T.C.

UYUŞMAZLIK MAHKEMESİ

 

ESAS NO       : 2024/44

KARAR NO  : 2024/143    

KARAR TR  : 01/04/2024

ÖZET: Davacı şirkete 1608 sayılı Kanun’un 1. maddesi uyarınca verilen idari para cezası ile on gün süre ile otobüsün parka çekilerek faaliyetten men edilmesine ilişkin kararın iptali istemiyle açılan davanın, ADLİ YARGI YERİNDE çözümlenmesi gerektiği hk.

 

 

 

 

 

K A R A R

 

Davacı  : A. Ş. O. T. İ. R. İ. S. ve T. A. Ş.

Vekili     : Av. M. B. A.

Davalı   : Ankara Büyükşehir Belediye Başkanlığı

Vekili     : Av. D. B. G.

 

I. DAVA KONUSU OLAY

 

1. Ankara Büyükşehir Belediye Başkanlığının 13/04/2023 tarihli ve 695 sayılı Encümen Kararı ile, davacıya ait 06 ... 7271 plaka sayılı havalimanı ile şehir merkezi arasında kombine taşımacılık yapan otobüse ilişkin UKOME Kararının ibraz edilemediğinden bahisle, davacı adına 1608 sayılı Umuru Belediyeye Müteallik Ahkamı Cezaiye Hakkında 16 Nisan 1340 (1924) tarih ve 486 numaralı Kanun'un bazı maddelerini Muaddil Kanun’un 1. maddesi uyarınca 1.295 TL idari para cezası verilmiş, ayrıca davacıya ait otobüsün on gün süre ile parka çekilerek faaliyetten men edilmesine karar verilmiştir.

 

2. Davacı vekili, idari para cezası ile 10 gün süre ile faaliyetten men kararına ilişkin Encümen Kararının iptali istemiyle adliyargı yerinde dava açmıştır.

 

II. UYUŞMAZLIĞA İLİŞKİN BAŞVURU SÜRECİ

 

A. Adli Yargıda

 

3. Ankara 4. Sulh Ceza Hâkimliği 20/10/2023 tarih ve D. İş No.2023/4421 sayılı kararı ile, davaya konu edilenidari yaptırım kararının sulh ceza hakimliğince incelenebilecek kararlardan olmadığı, bu işlemin iptali istemiyle açılan davada idari yargının görevli olduğu gerekçesiyle, görevsizlik nedeniyle başvurunun reddine karar vermiş, karara yapılan itiraz Ankara 5. Sulh Ceza Hakimliğince reddedilmiş ve ilgi kararkesinleşmiştir.

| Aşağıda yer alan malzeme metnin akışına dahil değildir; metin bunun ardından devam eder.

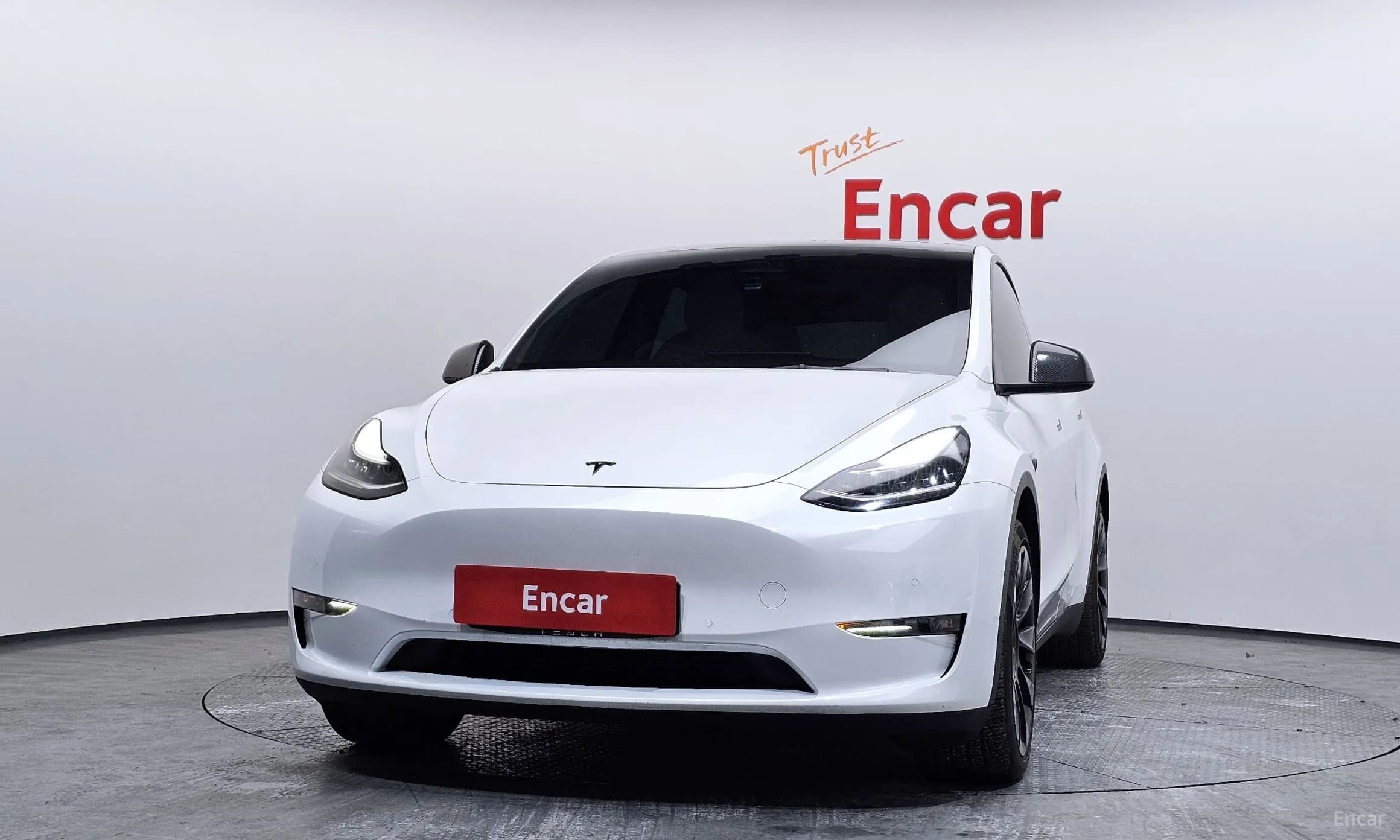 Model Y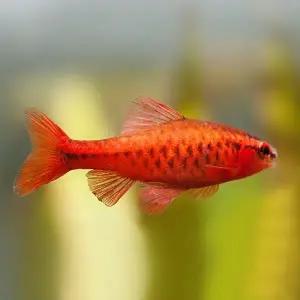 [고기야놀자] 체리바브 10마리-구피,구피사료,어항,수족관,열대어사료,수조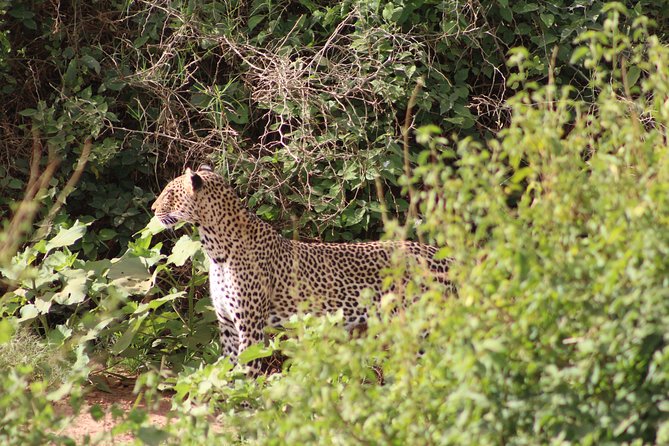 5 Days Best Of Kenya Safari - Booking Process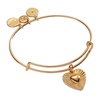 Alex and Ani Heartburst Charm Bangle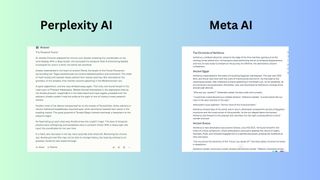 Perplexity vs Meta screenshot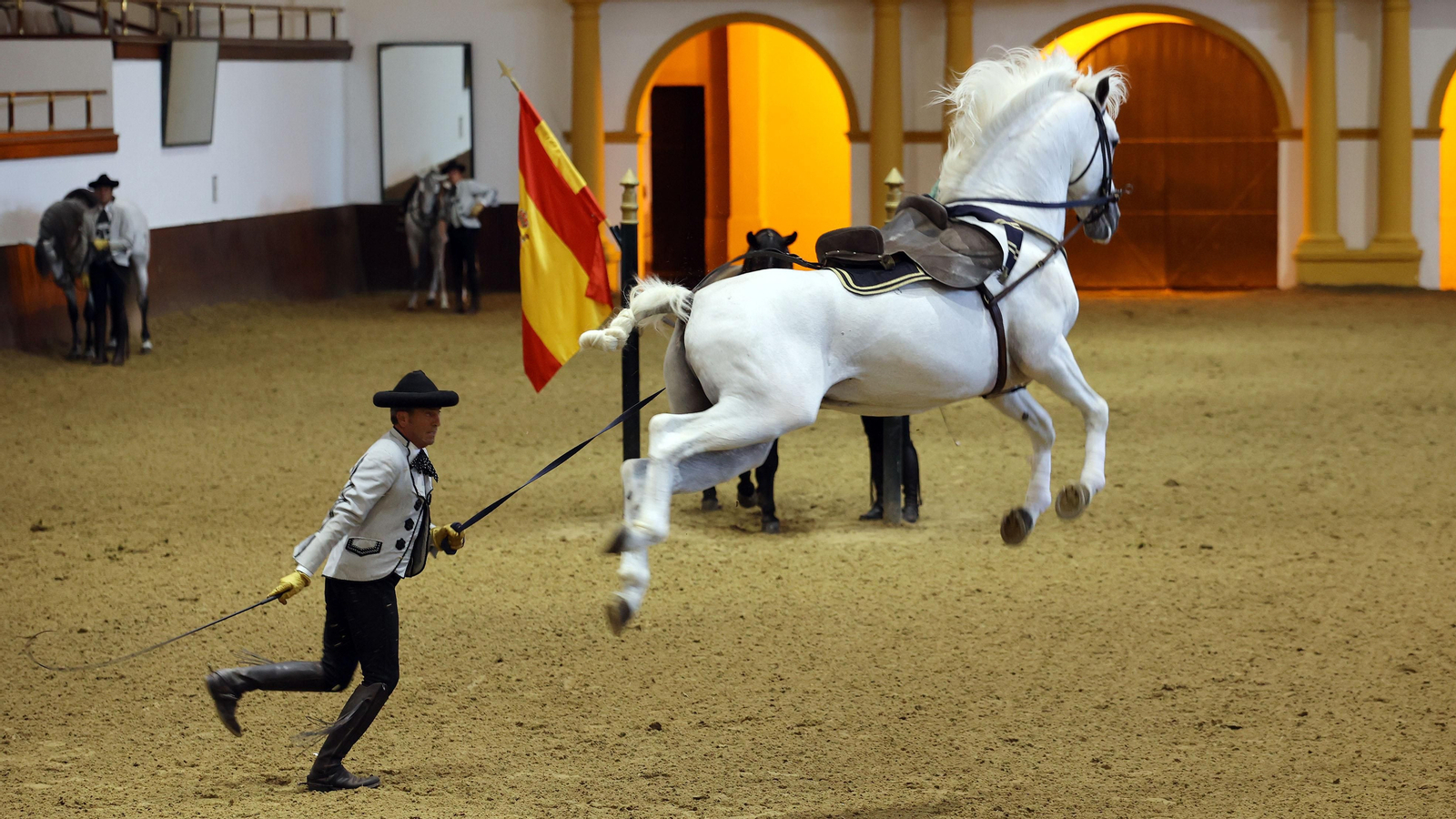 Espectáculo de la Real Escuela Andaluza de Arte Ecuestre dedicada al 40 aniversario de Diario de Jerez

Kararın ilgili kısmı şöyledir:

 

"....1608 sayılı Kanun'un 1. maddesinde: "Belediye meclis ve encümenlerinin kendilerine kanun, nizam ve talimatnamelerin verdiği vazife ve salahiyet dairesinde ittihaz ettikleri kararlara muhalif hareket edenlerle belediye kanun ve nizam ve talimatnamelerinin men veya emrettiği fiilleri işleyenlere veya yapmayanlara belediye encümenince Kabahatler Kanununun 32 nci maddesi hükmüne göre İdarî para cezası ve yasaklanan faaliyetin menine karar verilir. Bu kararda ilgili kişiye bir süre de verilebilir." hükmüne yer verilmiştir.

 

5326 sayılı Kabahatler Kanunu’nun “Çeşitli Kabahatler” üst başlığı altında düzenlenen “Emre aykırı davranış” başlıklı 32. maddesinde: "(1) Yetkili makamlar tarafından adlî işlemler nedeniyle ya da kamu güvenliği, kamu düzeni veya genel sağlığın korunması amacıyla, hukuka uygun olarak verilen emre aykırı hareket eden kişiye yüz Türk Lirası İdarî para cezası verilir. Bu cezaya emri veren makam tarafından karar verilir. (2) Bu madde, ancak ilgili kanunda açıkça hüküm bulunan hallerde uygulanabilir. (3) 1.3.1926 tarihli ve 765 sayılı Türk Ceza Kanununun 526 ncı maddesine diğer kanunlarda yapılan yollamalar, bu maddeye yapılmış sayılır." hükmüne yer verilmiştir.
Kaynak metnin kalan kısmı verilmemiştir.